Back in 2009 that didn’t happen. The original observatory failed to separate from the payload fairing, you know, “the rocket,” and never achieved orbit. After it reentered our atmosphere it crashed into the Indian Ocean. I wasn’t there that night but I know it took only 17 minutes to go from a perfect launch to a really wet landing, and I know the loss to science was felt deeply across the Earth.

So when I was invited to participate in the NASA Social event covering the new mission I was pretty darn excited. Cue my Muppet flail. Participants were allowed to ask the project engineers and scientists ANYTHING we wanted during the social press conference. After that we all got to take a tour of Vandenberg AFB, viewing each of the Space Launch Complexes, called “SLICKS”, and the Space and Missile Heritage Center, which includes an exhibit on the chronology of the cold war. Pretty much everyone took at least one #RocketSelfie and pretty much everyone felt some form of gratitude that the folks sitting at “the button” were surrounded my soothing sea-foam green and never had to push it.


Then we all headed up to the public viewing area for the 2:56 AM launch. In the dark. In the cold. All together. I think we were expecting to see something like this:

Well, that video was taken A LOT closer to Space Launch Complex 2, where the Delta II rocket was launched. Our gracious tour guides let us know that we wouldn’t WANT to be right up close during launch. That if we were standing where the camera was… we would probably go deaf and definitely be arrested.

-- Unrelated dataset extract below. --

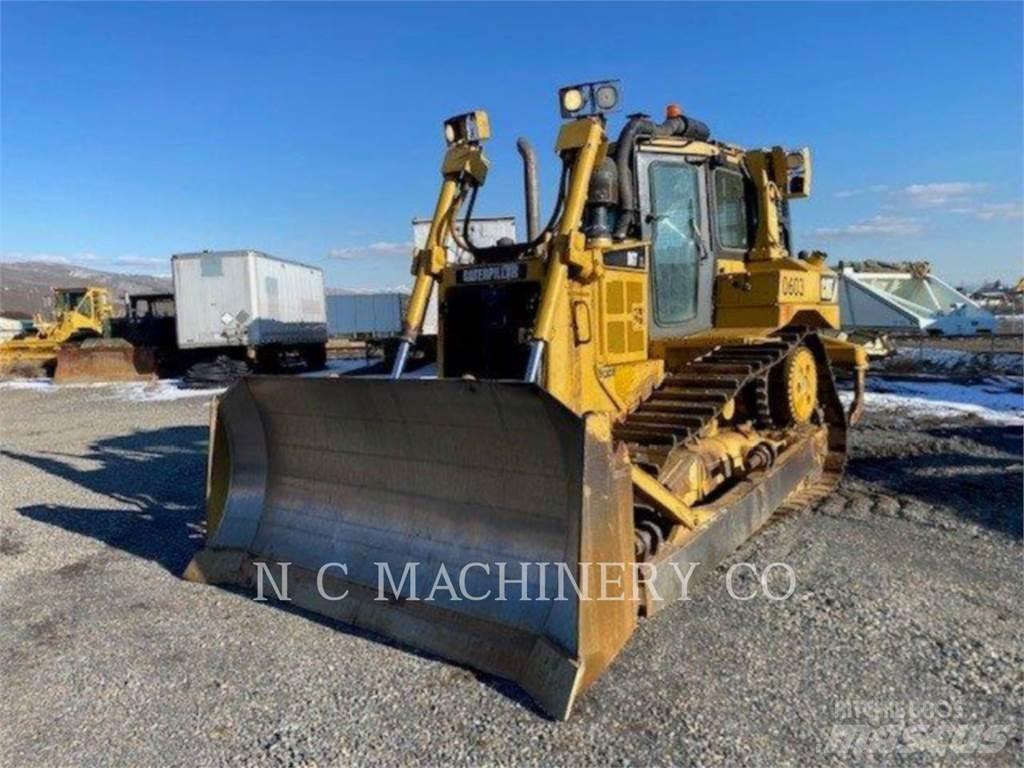 CAT D6T Crawler dozers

What we saw was this… a whole lotta fog. Everybody there started hysterically laughing once we realized that was ALL we were going to see.

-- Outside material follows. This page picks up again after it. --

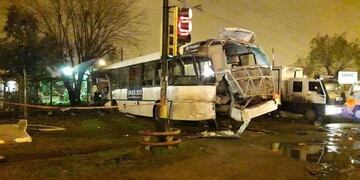 Tren embistió a colectivo\u002E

So why were we all there, in the cold and the dark, if we weren’t going to SEE anything? Listen to that audio. AFTER our hysterical laughter you can hear everybody say, WHOA!

We didn’t see anything, but we FELT something. The rumbling vibration of sound that takes several seconds to travel across the Earth and up into the sky. Up into us. We felt that.

NASA Administrator and former astronaut, Charles Bolden, invited all the NASA Social attendees to do two things: enjoy ourselves and tell people how the launch made us feel.


That distant rumble that washed like waves over all of us made me feel like something is being done to steward our planet and that everyone who was watching and listening, whether they were at Vandenberg, or in their backyard, or leaning out their window, looking up at that sky, were feeling it too.

Now we are all still leaning out our windows and looking up at the sky, waiting for the data to come back to Earth.